:: WHAT THE EXERCISE ASKS ::
The expected output is each line in the data below that includes the string "Denim".

Short text fragments from websites
+===+
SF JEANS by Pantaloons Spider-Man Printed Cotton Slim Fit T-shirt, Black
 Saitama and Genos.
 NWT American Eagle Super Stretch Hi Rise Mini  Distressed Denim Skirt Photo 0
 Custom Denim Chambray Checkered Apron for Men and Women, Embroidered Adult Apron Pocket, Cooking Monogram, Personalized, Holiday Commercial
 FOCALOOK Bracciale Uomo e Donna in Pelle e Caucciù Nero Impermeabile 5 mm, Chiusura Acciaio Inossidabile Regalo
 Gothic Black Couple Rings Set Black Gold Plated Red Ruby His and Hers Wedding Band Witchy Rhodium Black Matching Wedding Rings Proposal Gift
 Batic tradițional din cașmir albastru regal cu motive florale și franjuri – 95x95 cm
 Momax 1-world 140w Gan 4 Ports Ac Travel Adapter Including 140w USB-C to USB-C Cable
+===+
:: RESULT OF THE TASK ::
 NWT American Eagle Super Stretch Hi Rise Mini  Distressed Denim Skirt Photo 0
 Custom Denim Chambray Checkered Apron for Men and Women, Embroidered Adult Apron Pocket, Cooking Monogram, Personalized, Holiday Commercial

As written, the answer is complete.